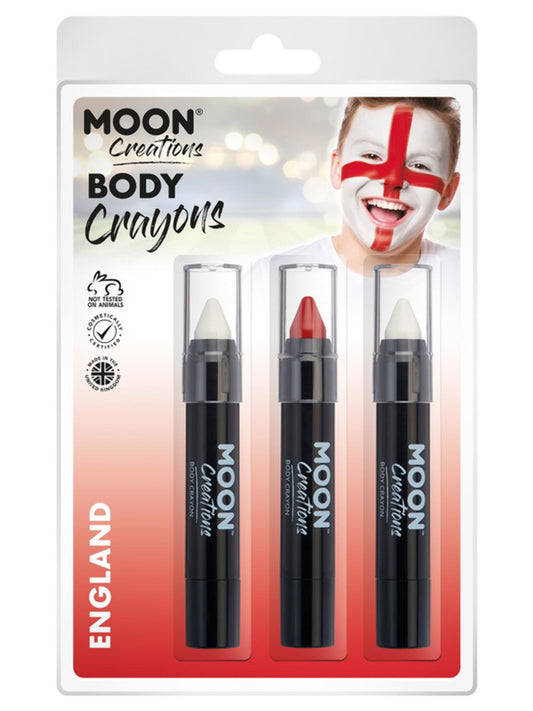 Moon Creations Body Crayons, 3.2g Clamshell, England - White, Red, White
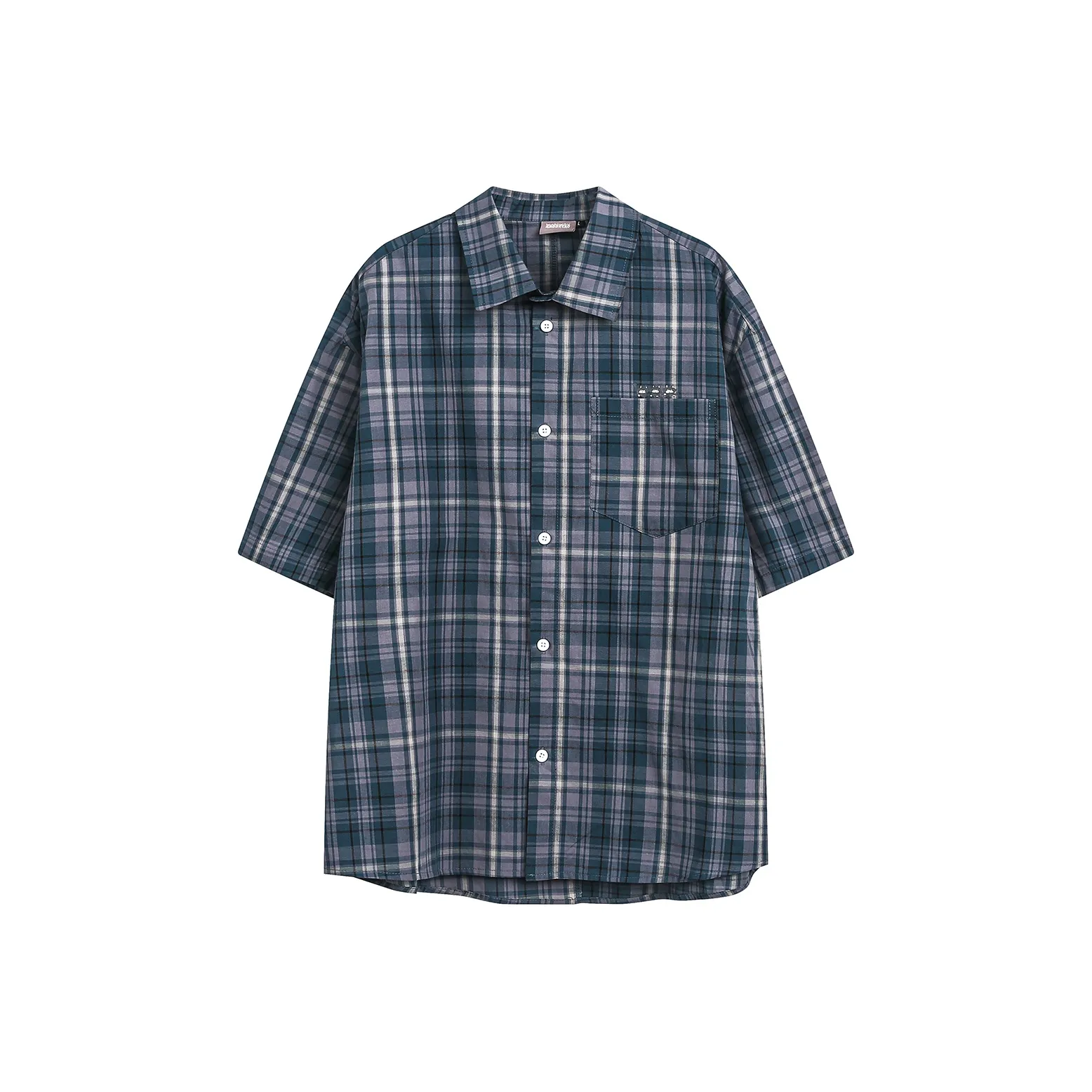 UNDOMAZE Летняя Короткая Рубашка с Короткими Рукавами Свободный крой Унисекс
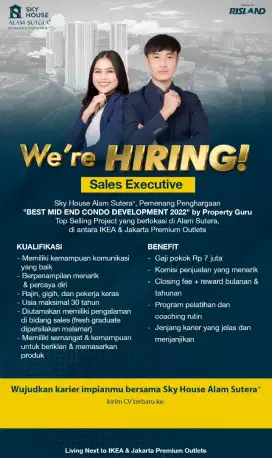 Lowongan Kerja Sales Properti Sky House Alam Sutera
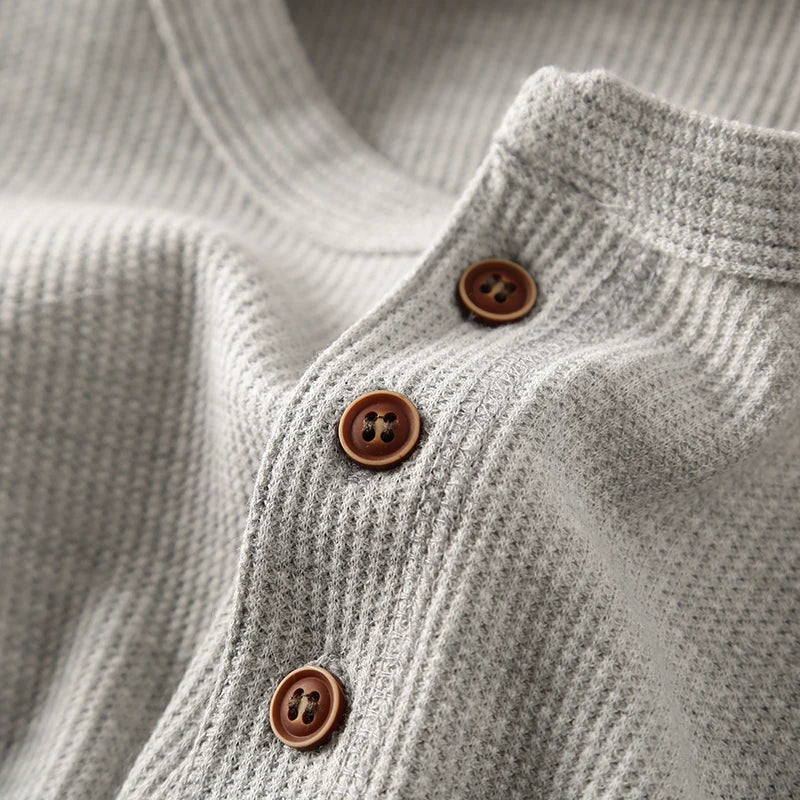 Jeff | Men's Long Sleeve Casual Henley Shirt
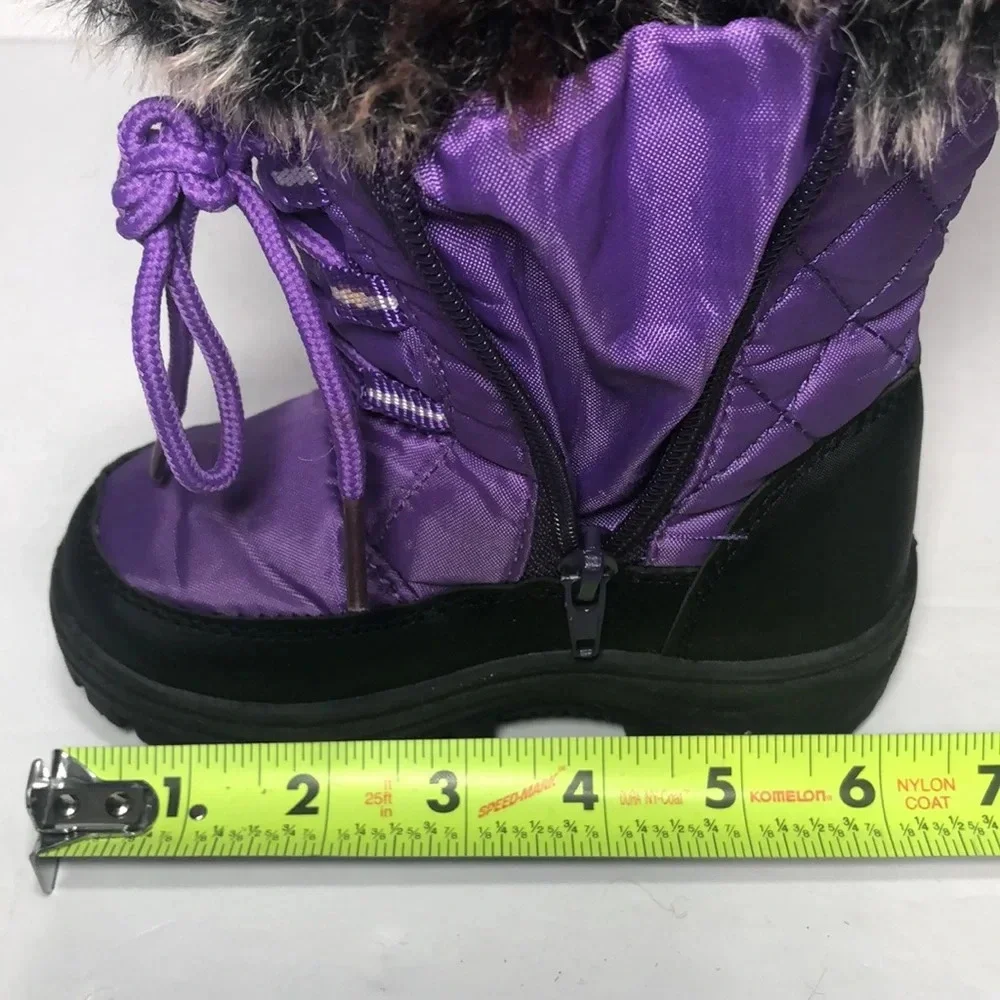 Snow Tec Toddlers Quilted Snow Boots Purple with Faux Fur Trim (5-Toddler)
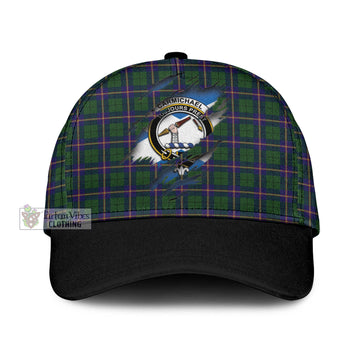 Carmichael Modern Tartan Classic Cap with Family Crest In Me Style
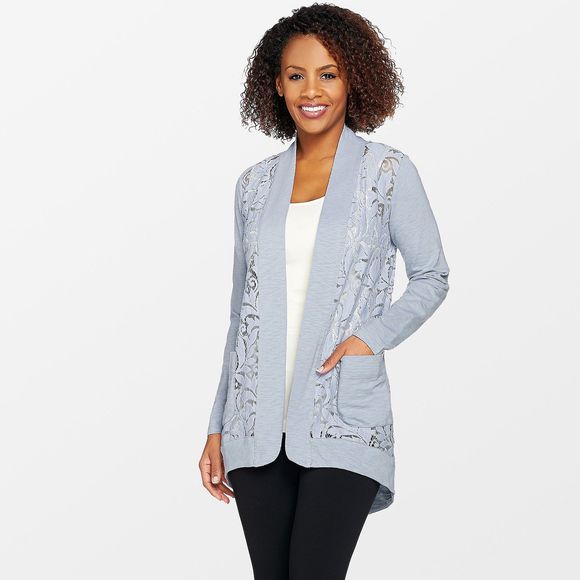 LORI GOLDSTEIN Slub Lace Cardigan - Picture 6 of 7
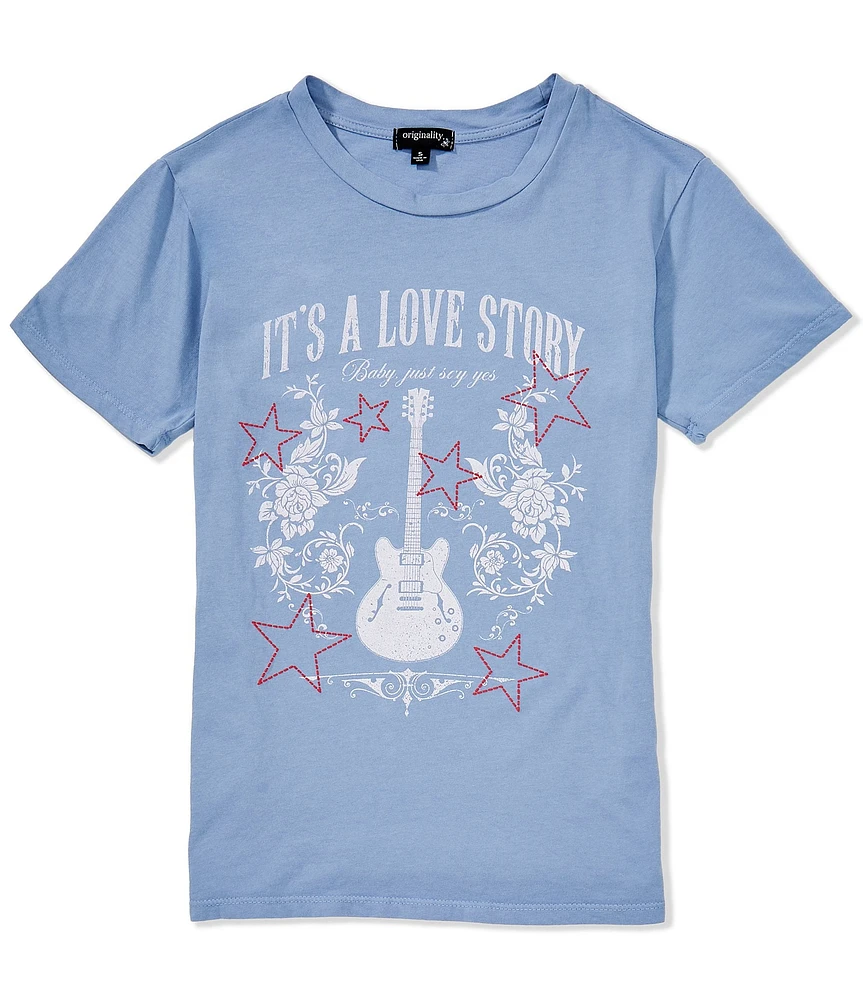 Originality Big Girls 7-16 Short Sleeve It's A Love Story Star Print Graphic Oversized T-Shirt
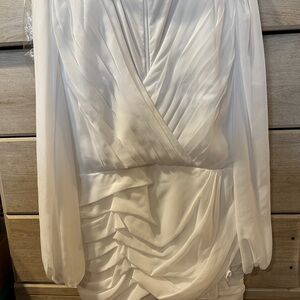 Showpo White Long Sleeve Draped Dress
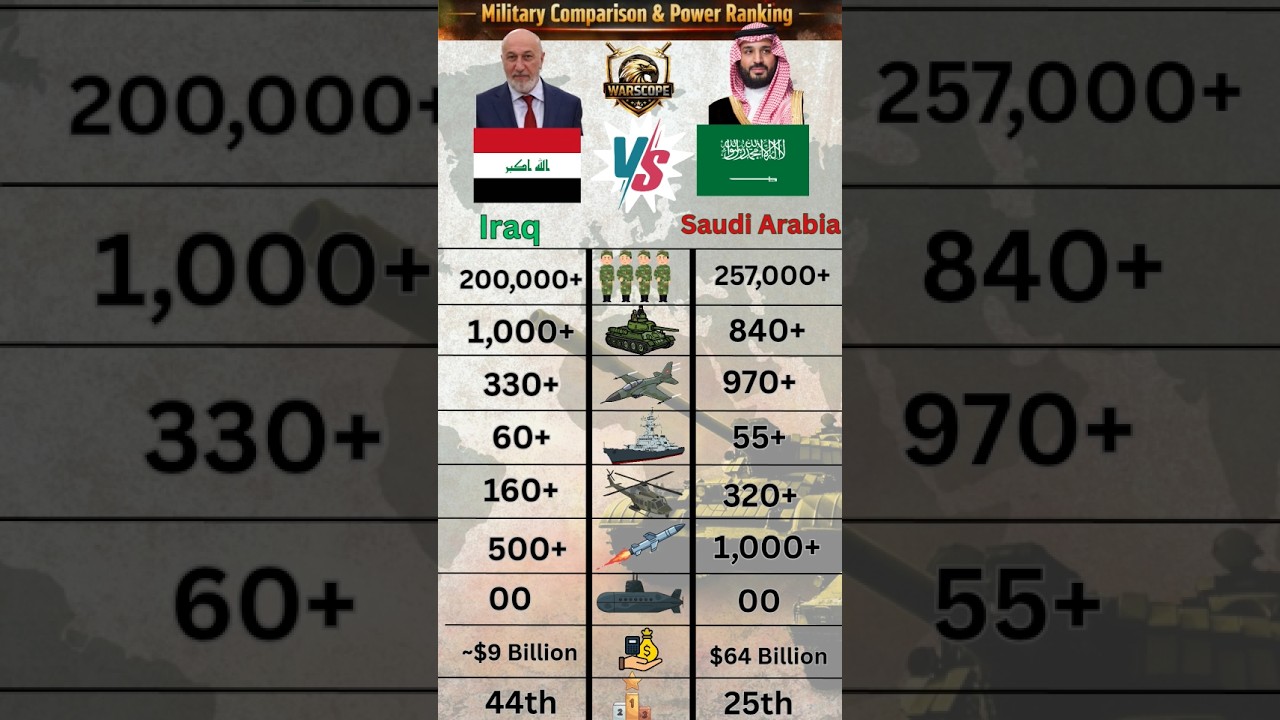 Iraq vs Saudi Arabia Military Comparison 2026 🇮🇶⚔️🇸🇦 | Historic Rivals Face Off #shorts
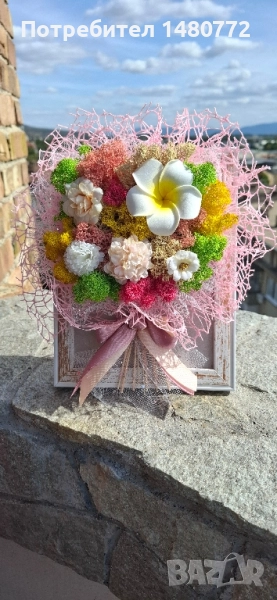 Букет със скандинавски мъх в рамка , снимка 1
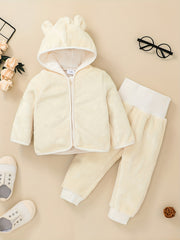 Baby Girls Solid Thermal Outfit Zip Up Hooded Coat Trousers Set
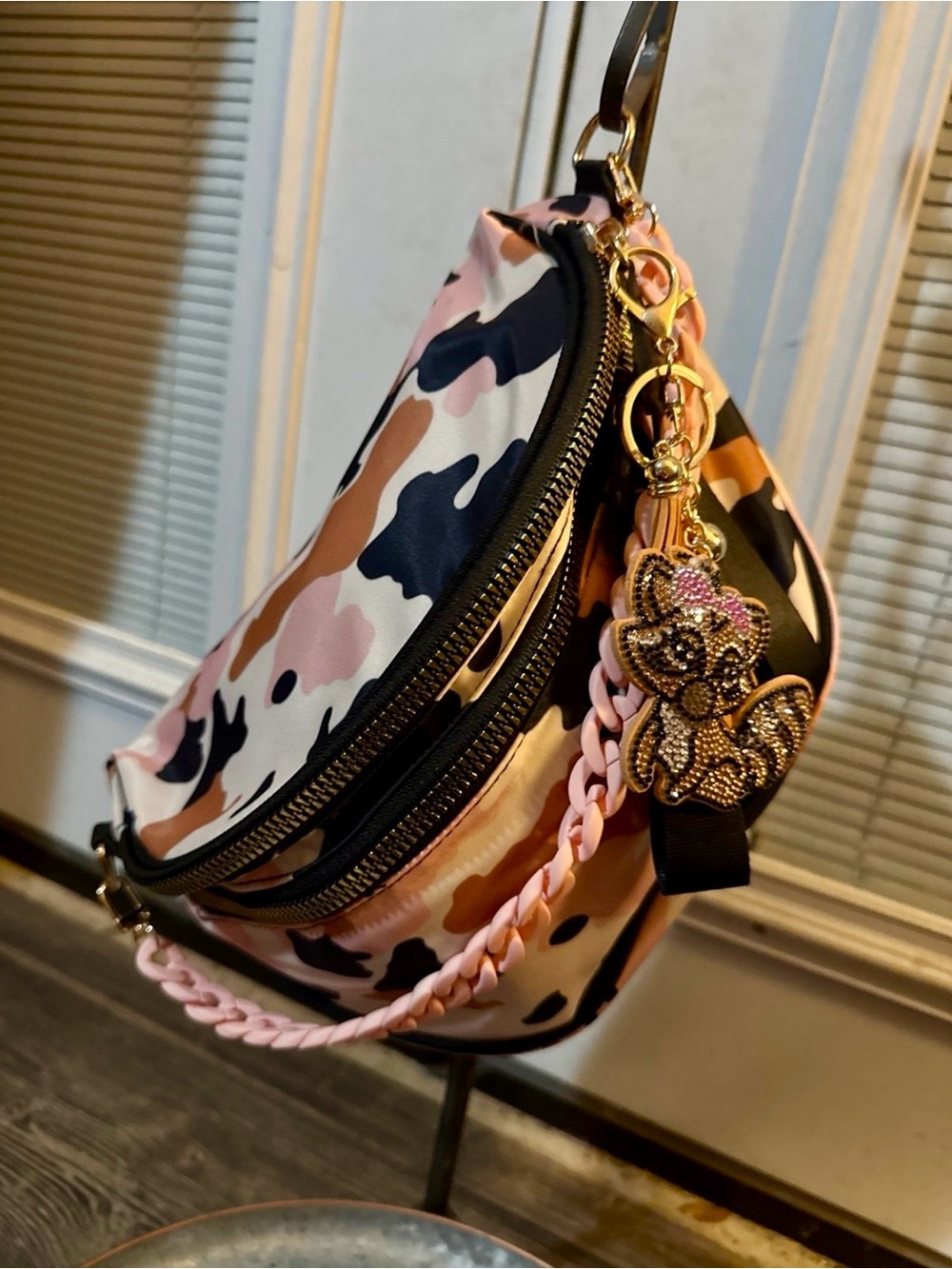 Pink Camo Crossbody BumBag with Raccoon Charm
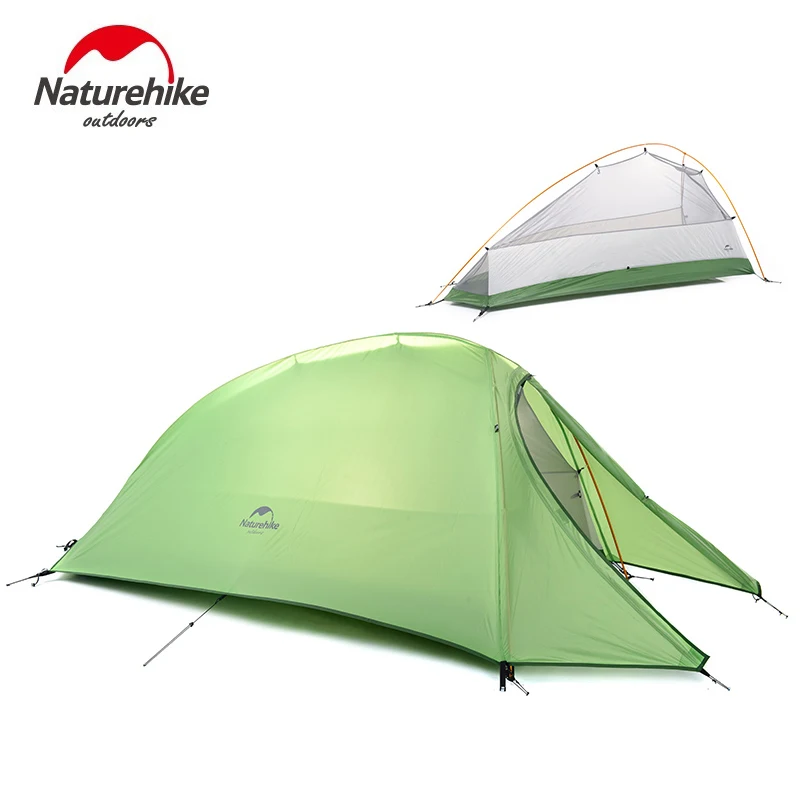 NatureHike открытый портативный одиночный мужской палаточный Кемпинг 1 человек легкий водонепроницаемый палатки с ковриком оборудование для лагеря - Цвет: 210T green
· · ·
(Exercise directions): What is needed is an exact copy of the lines from the start of the records through the line containing "Baby Girls Solid", with no pictures.

(Solution below):
 Moon Creations Body Crayons, 3.2g Clamshell, England - White, Red, White
 UNDOMAZE Летняя Короткая Рубашка с Короткими Рукавами Свободный крой Унисекс
 Lowongan Kerja Sales Properti Sky House Alam Sutera
 Jeff | Men's Long Sleeve Casual Henley Shirt
 Snow Tec Toddlers Quilted Snow Boots Purple with Faux Fur Trim (5-Toddler)
 Carmichael Modern Tartan Classic Cap with Family Crest In Me Style
 LORI GOLDSTEIN Slub Lace Cardigan - Picture 6 of 7
 Originality Big Girls 7-16 Short Sleeve It's A Love Story Star Print Graphic Oversized T-Shirt
 Showpo White Long Sleeve Draped Dress
 Iraq vs Saudi Arabia Military Comparison 2026 🇮🇶⚔️🇸🇦 | Historic Rivals Face Off #shorts
 Букет със скандинавски мъх в рамка , снимка 1
 Baby Girls Solid Thermal Outfit Zip Up Hooded Coat Trousers Set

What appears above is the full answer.